Of course, those who bristle at the critical focus on Israel, a focus they themselves share, object only to the critical part. So let's examine that angle. Perhaps only an anti-Semite can resist the charms of Netanyahu, Barak, and the saintly Avigdor Lieberman, but many democrats (lower-case d) rightly wonder how it is that Michigan has only 2 US senators in Washington but Israel has 100 of them. Americans were evenly divided about the Gaza offensive, yet the US Congress passed a resolution of support for Israel by a vote of 390-5. (I trust AIPAC asked Kim-Jong-il what to do with the 5 renegades.) You'd never know, listening to our fearless leaders, that 74% of Americans don't want the US government to take Israel's side in the conflict. When the IDF mowed down hundreds of women and children in Gaza, US politicians of all stripes jumped over themselves to support Israeli action. That's not friendship: that's prostitution. The latest flap over Chas Freeman was so laughable one almost wonders if it was not orchestrated by Walt and Mearsheimer themselves to validate their thesis. (The hasbaraniks who whine about their own incompetence, as they're wont to do, may have a point after all.)
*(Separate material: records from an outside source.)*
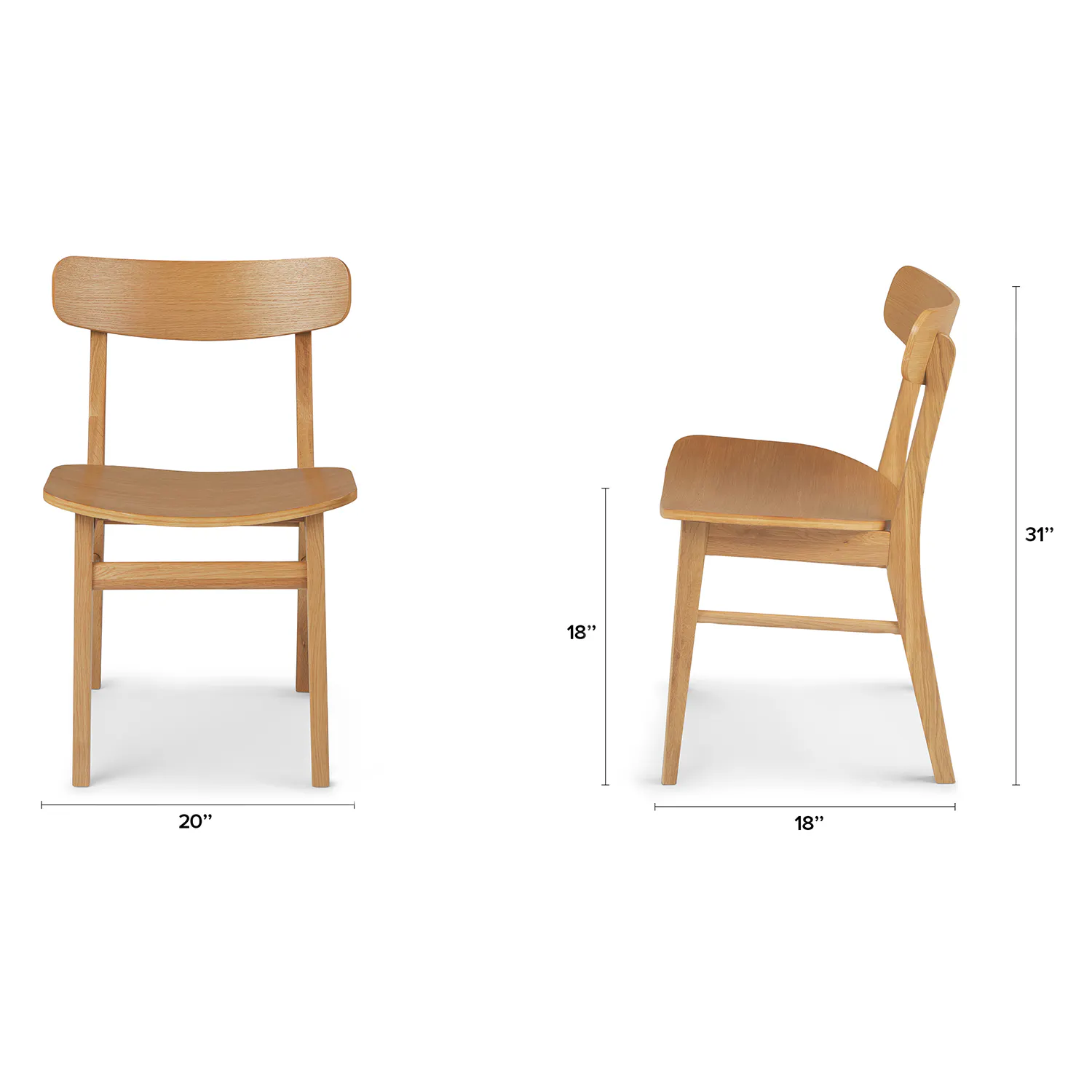 Pair of Oak Dining Chairs - Coast Consignment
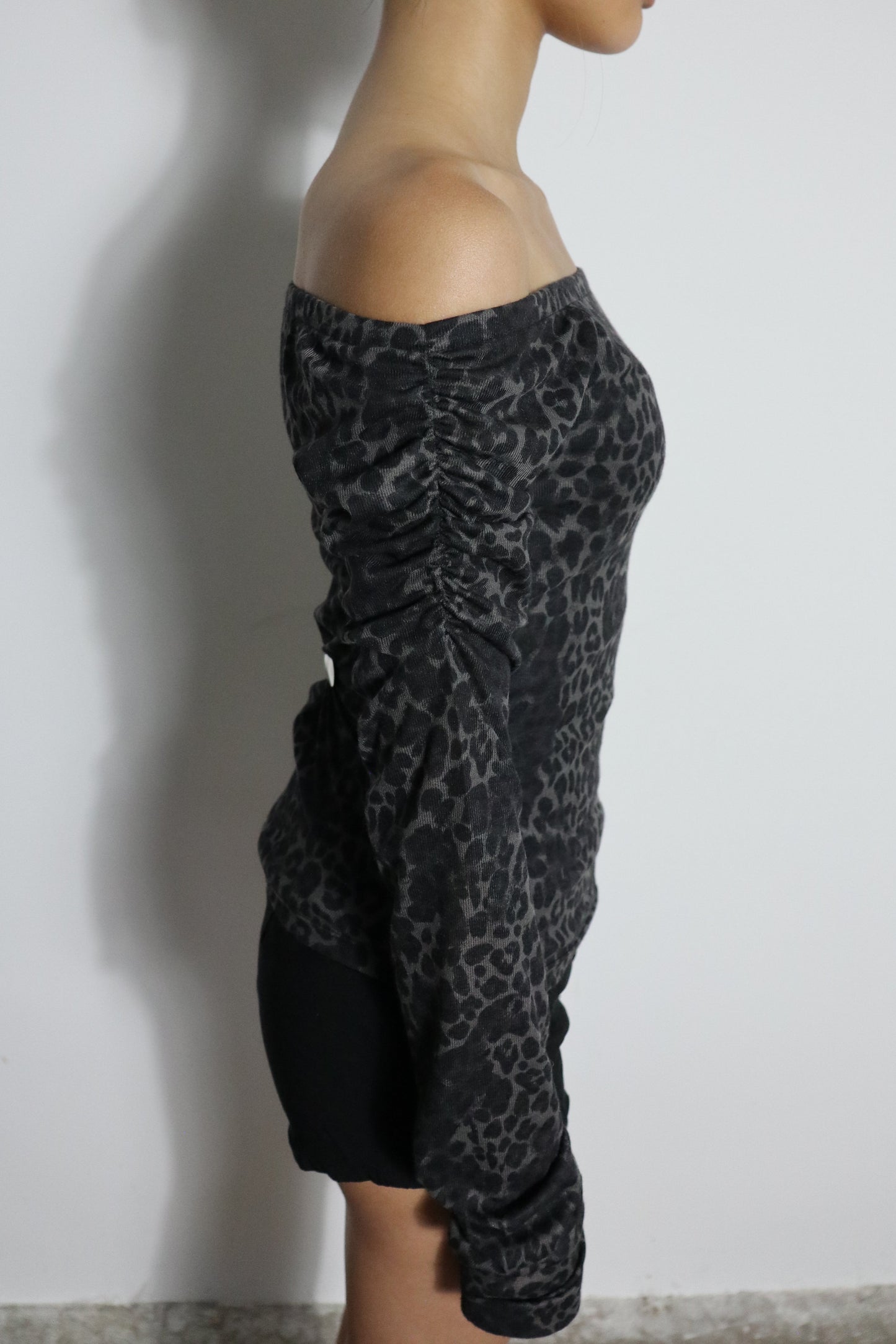 Black Leopard Stud Off-Shoulder Tee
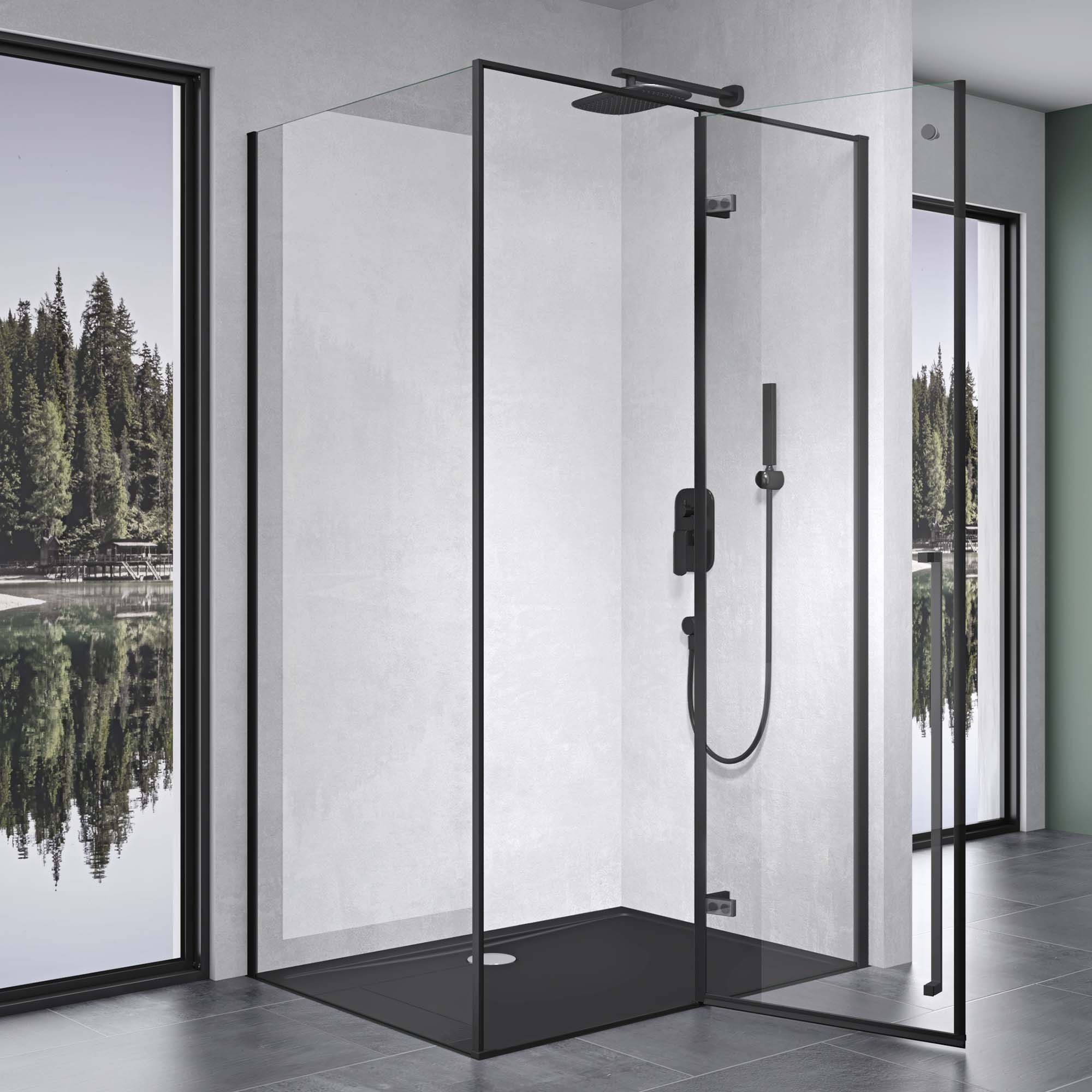 Mai & Mai Eckdusche Duschkabine Duschabtrennung Schwarz 6mm ESG in Klarglas H: 195cm R64K, BxT: 100x75 cm, Einscheibensicherheitsglas, ebenerdiger Einbau möglich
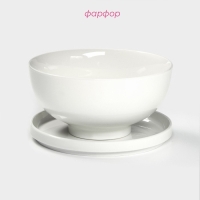 Набор фарфоровой посуды для рамена Доляна, 8 предметов: миска 1,6 л, тарелка 20&times;2,2 см, 2 ложки, 2 пары палочек, цвет белый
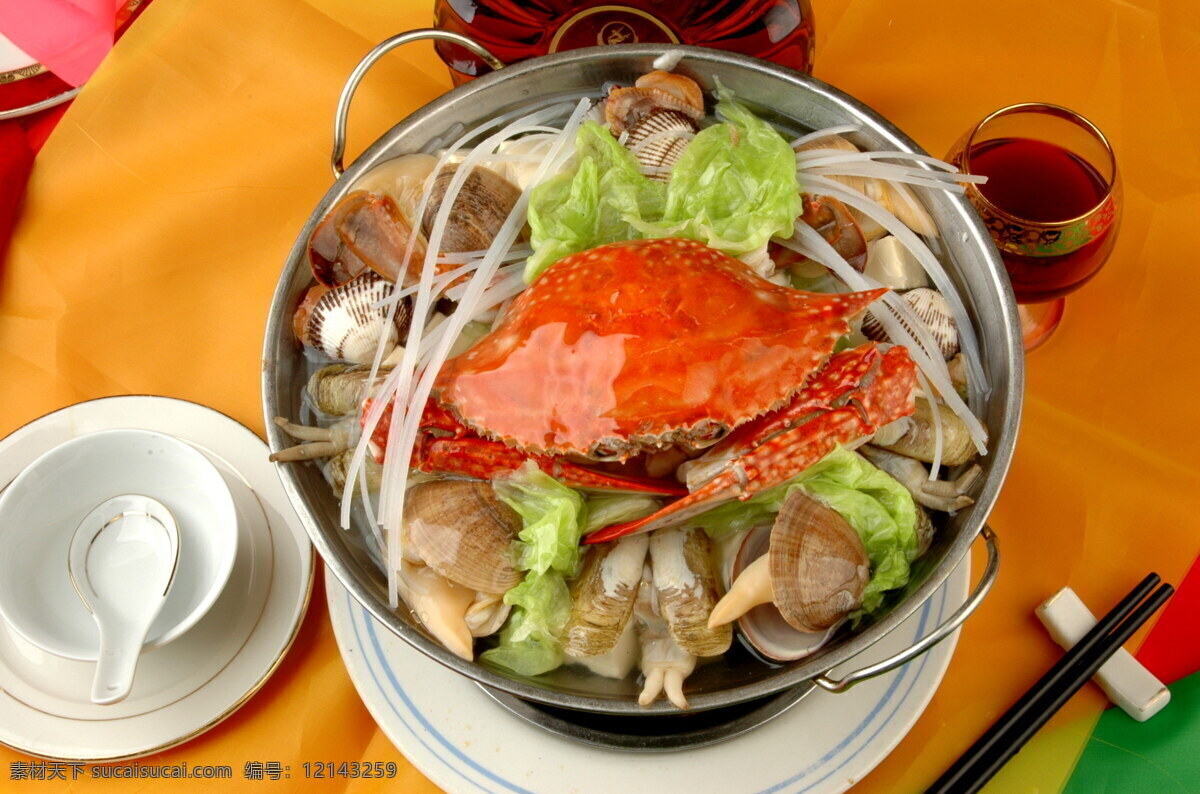 海鲜 锅 海鲜锅 蛤蜊 螃蟹 美味 菜肴 中华美食 餐饮美食 食物
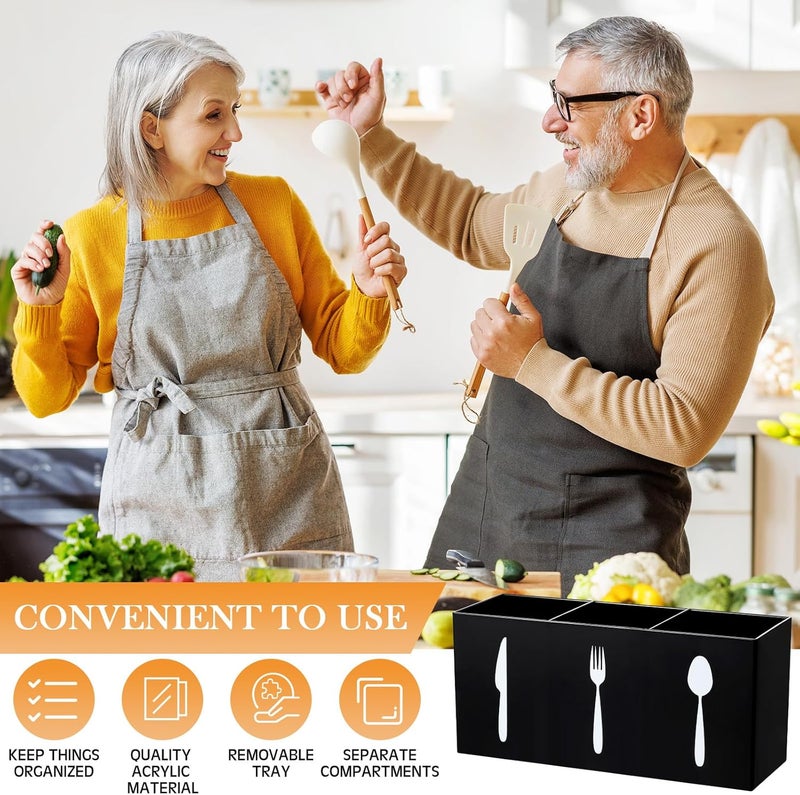 TPGP Suzile Acrylic Cutlery Storage Organizer Bin - 3 Section Silverware Caddy for Kitchen - Image 5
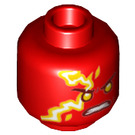 LEGO rot Kai Spinjitsu Burst Minifigure Kopf (Einbau-Vollbolzen) (3626 / 67977)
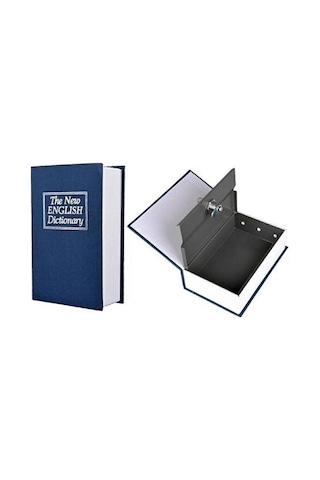 Kitap Görünümlü Anahtarlı Çelik Mini Kasa Ev İçin Altın Takı Kutusu Kasa Kumbara Kilitli Sandık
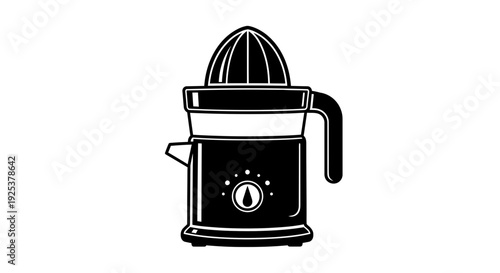 Black and white icon of a citrus juicer, kitchen appliance for making fresh juice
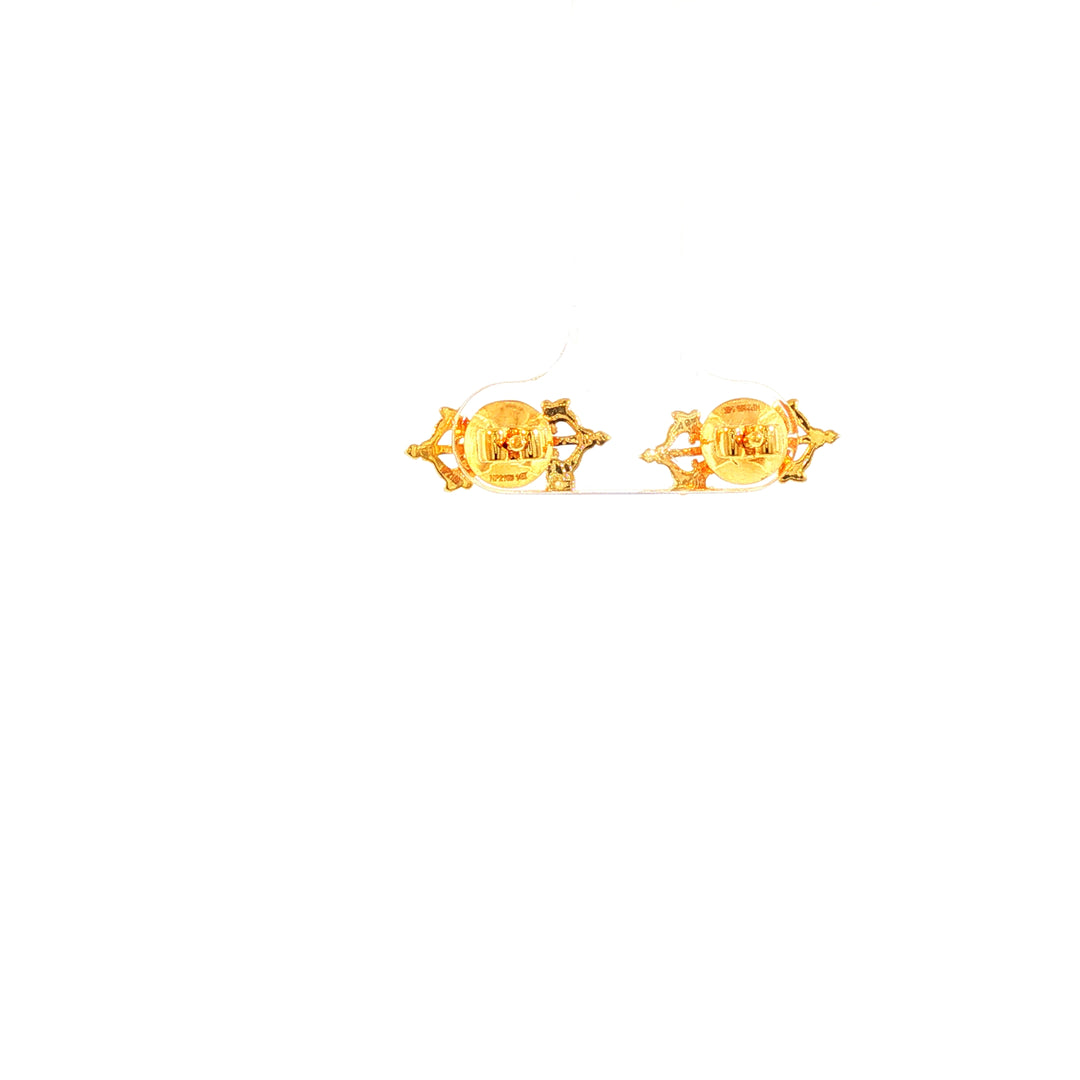 14K YG Vajra Diamond Earring-1pair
All true, but one must keep all of that in perspective. US support for Israel does not require AIPAC. With no comparable lobby, the vile government of Egypt receives comparable support. US imperial ambitions in the region have in Israel a natural ally. Since World War II, the US has supported nearly every non-Communist tyranny against the aspirations of the people. Are the Palestinians so different from the Chileans, the Nicaraguans, the Guatemalans, the Salvadorans, the Greeks, the Timorese, and the Vietnamese that the US should make an exception for them? AIPAC influences the modalities of US policy but not its foundation. Until the Palestinians find wisdom and give themselves a pro-American dictatorship, they'll always be the enemy. The failure of Taba in 2000 had nothing to do with the Israel lobby, and that's the closest the conflict came to a resolution in the last 40 years. AIPAC is the cherry on the cake of a notoriously paranoid bunch of Likudniks and Rapture-ready nut jobs. Would US policy be significantly different if they did not exist? No.

That we focus on the I/P conflict does not mean that we should. They are, indeed, more serious issues facing this world. Western attention is warranted because the conflict represents the last vestige of Western colonialism. After 1967, with US support, Israel turned into a full-fledged colonial project embedded in an imaginary existential narrative. A signature trait of colonization is that it is optional. Occupying the West Bank never served any purpose of survival. It's always been a choice, not a necessity. Israelis are entitled to a state. All of the residents, regardless of religion or ethnicity, are entitled to live where they are. They just may not do so as occupiers enforcing an apartheid regime. It's not exactly advanced political science.

For roughly two hundred years, most of the planet was a giant playground for the White Man. Niall Ferguson will tell you what a splendid idea that was. And, indeed, it was quite splendid for British white men like himself -- just a coincidence, of course, for that most objective of historians. World War II brought all of that fun to an end and catalyzed American imperial hegemony, which then grew under the cover of the Cold War. The last colonial bastion to fall was South Africa. Remember the good old days when these two icons of freedom, Reagan and Thatcher, were calling Nelson Mandela a terrorist while opposing sanctions against the most racist regime on earth. How one quickly forgets. Today, except for Syria, every Arab country is a "friend" of the US, and virtually every single one of them is a brutal, corrupt dictatorship. Plus ca change.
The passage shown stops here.